Data & Privacy · Ecuador
Data protection & privacy laws in Ecuador (2026)
Ecuador shaded by its data & privacy status
Ecuador enacted the LOPDP on 26 May 2021 — its first comprehensive, GDPR-aligned personal data protection statute — which entered full legal effect, including its sanctioning regime, on 26 May 2023. The Superintendencia de Protección de Datos Personales (SPDP) is the independent supervisory authority empowered to issue binding resolutions, investigate complaints, and impose financial penalties. Active enforcement is underway, with the SPDP having issued its first significant published sanctions and multiple secondary regulations through early 2026.
Key points
The LOPDP (Ley Orgánica de Protección de Datos Personales), published in Official Gazette Supplement 459 on 26 May 2021, is Ecuador's first standalone, comprehensive data protection law. A General Implementing Regulation was issued in late 2023 and the law was last updated in April 2026 per the official consolidated text.
The Superintendencia de Protección de Datos Personales (SPDP) is the independent control authority created by the LOPDP. It issues binding technical standards and resolutions, handles complaints, conducts audits, and imposes sanctions; its official portal is spdp.gob.ec.
The LOPDP grants data subjects rights of access, rectification, erasure, restriction of processing, data portability, opposition, and the right not to be subject to solely automated decisions — substantially equivalent to EU GDPR Chapter III rights.
Controllers must establish a lawful basis for processing (explicit consent required for sensitive data), maintain a Record of Processing Activities (RAT), implement proportionate security measures, notify data breaches, and register a Data Protection Officer (DPO) with the SPDP's digital platform — a deadline that fell on 31 December 2025 for private-sector entities.
The sanctioning regime entered into force on 26 May 2023 (the law's two-year transition period). Fines range from 0.1%–0.7% of annual business volume for minor infractions to 0.7%–1% for serious infractions.
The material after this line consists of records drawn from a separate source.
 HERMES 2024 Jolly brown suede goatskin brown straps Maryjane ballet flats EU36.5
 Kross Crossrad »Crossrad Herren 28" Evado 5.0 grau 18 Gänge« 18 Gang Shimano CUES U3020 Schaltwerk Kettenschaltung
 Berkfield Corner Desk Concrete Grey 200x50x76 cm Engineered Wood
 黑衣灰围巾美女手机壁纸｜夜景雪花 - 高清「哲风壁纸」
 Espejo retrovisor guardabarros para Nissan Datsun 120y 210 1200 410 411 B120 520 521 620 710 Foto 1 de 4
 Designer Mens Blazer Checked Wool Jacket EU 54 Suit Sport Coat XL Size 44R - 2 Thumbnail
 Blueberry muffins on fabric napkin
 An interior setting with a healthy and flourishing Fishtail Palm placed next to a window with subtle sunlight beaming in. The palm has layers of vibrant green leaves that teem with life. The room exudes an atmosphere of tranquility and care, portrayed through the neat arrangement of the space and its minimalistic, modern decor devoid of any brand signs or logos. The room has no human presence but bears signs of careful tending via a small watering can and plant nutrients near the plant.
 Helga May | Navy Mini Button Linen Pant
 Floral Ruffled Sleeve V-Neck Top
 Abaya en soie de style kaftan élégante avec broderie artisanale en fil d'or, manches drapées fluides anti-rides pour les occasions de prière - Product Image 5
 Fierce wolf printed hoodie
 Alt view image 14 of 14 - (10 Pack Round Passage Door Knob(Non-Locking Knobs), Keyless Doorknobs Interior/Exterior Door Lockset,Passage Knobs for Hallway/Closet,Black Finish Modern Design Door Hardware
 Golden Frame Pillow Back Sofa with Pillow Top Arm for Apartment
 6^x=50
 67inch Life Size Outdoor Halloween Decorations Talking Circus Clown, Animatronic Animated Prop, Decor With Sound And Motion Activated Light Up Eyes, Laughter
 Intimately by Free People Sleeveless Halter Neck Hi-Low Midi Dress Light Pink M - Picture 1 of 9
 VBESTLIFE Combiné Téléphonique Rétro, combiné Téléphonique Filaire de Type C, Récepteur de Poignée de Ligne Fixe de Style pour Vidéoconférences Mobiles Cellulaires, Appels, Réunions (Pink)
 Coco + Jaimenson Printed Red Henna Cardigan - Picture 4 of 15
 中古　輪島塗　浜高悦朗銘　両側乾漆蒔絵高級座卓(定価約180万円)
Concrete sanctions already issued include USD 259,644 against LigaPro and USD 194,856 against the Ecuadorian Football Federation (FEF).
In February 2026 the SPDP issued Resolution SPDP-SPD-2026-0004-R establishing General Rules on National and International Personal Data Transfers, creating a binding adequacy/safeguards framework for cross-border data flows analogous to GDPR Chapter V mechanisms.